City of God It is a remarkably powerful moment, and it's worth considering why it works as well as it does. After all, for much of the rest of City of God the daily violence of life in the favela is about as viscerally disturbing as a pillow fight. So rapidly and flashily does the film's editing hurtle us past the countless deaths, that we barely have time to register their presence let alone entertain a moral or emotional response. They are — as so often in modern cinema — rendered impersonal by their spectacular treatment. Only in this scene do we actually have a chance to enter emotionally into the appalling logic of violence. The camera cuts between close-ups of the mutilated and terrified kids, a subjective shot down the arm holding the pistol wavering between them, Li'l Zé's howls of encouragement, and the agonised face of the killer-to-be. As each shot is held, deferring resolution, stretching out the experience, we are drawn yet further into his predicament, wanting it to be over yet caught up in its terrible dynamic.

There is a marked contrast between the style used here, inviting, even insisting on our involvement, and that of the rest of the film which opts for pace and excitement. City of God deploys a battery of techniques of camera-movement, cutting, and narrative dislocation which have become all too familiar in modern Hollywood action movies. Tarantino, The Matrix, a bit of Scorsese perhaps, all stirred together to produce a film which, unsurprisingly therefore, has been welcomed in Brazil as a sign that Brazilian cinema can now compete with Hollywood's best. But the price paid for that stylistic mimicry is that City of God never reaches its real potential. For beneath all the flashy technique there does lurk a kind of 'social realism': the hand-held camera, the detailing of environment and social world, suggest a film with ambitions to capture the unremitting capacity of brutal, violent circumstances to breed brutal, violent lives.

But that implication, while clearly present in the narrated events, is largely overwhelmed by stylistic flamboyance. What's more, in Brazil — or so I am assured by the Brazilian friend who saw the English sub-titled version with me — the distinctive style and speech patterns of the drug-dealers and hoodlums has given them some allure, helped make them the height of cool among sections of the young Brazilian audience. An important identification effect entirely lost, of course, on those of us relying on sub-titles and seeing the film more as foreign art-movie than Hollywood thriller.

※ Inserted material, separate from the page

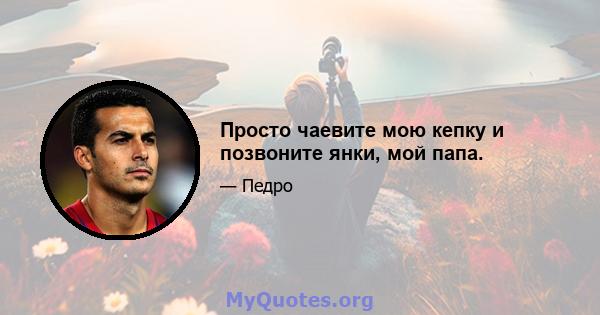 Просто чаевите мою кепку и позвоните янки, мой папа.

At its heart, then, City of God fails to resolve a key tension faced by any film that engages frontally with violence. As so many recent films attest, movie violence is exciting, doubly so when it is clothed in technical excellence and reinforced by stylistic excess. But if it is to be anything more than incidental stimulation, then film-makers have to find ways of making us face up to both the horror of violence and the ambivalence of our own responses. They have to involve us as directly as possible. The classic case of that, of course, is Peckinpah's notorious Straw Dogs, now at last available for re-evaluation on DVD. Its climactic confrontation surely remains the most powerful extended treatment of violence in cinema. We experience it as overwhelmingly claustrophobic because, for its entire length, Peckinpah insistently drags us into the awful logic of the situation much as we are all too briefly drawn into the shooting of the Runts in City of God.

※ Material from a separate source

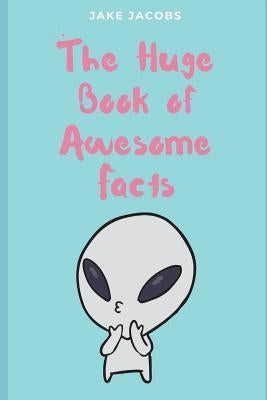 The Huge Book of Awesome Facts by Jacobs, Jake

Having made us complicit in the dramatic and moral dynamics of the film's first two-thirds, the final section of Straw Dogs forces us to face the consequences. Though by modern standards there is little explicit bloodiness, the stretching of time through editing, and the sheer, ugly physicality of the fighting itself, leaves us with a commanding sense of the inescapable calculus of violence. You do not need to sympathise with Peckinpah's views to recognise that there is serious, moral engagement at work here.

That engagement is what is missing from City of God and, more worryingly, from the evocation of violence in the work of so many of Meirelles' popular American influences. The moralism of Peckinpah has given way to the shallow postmodern chic of Tarantino, and the world of violent cinema is much the worse for it.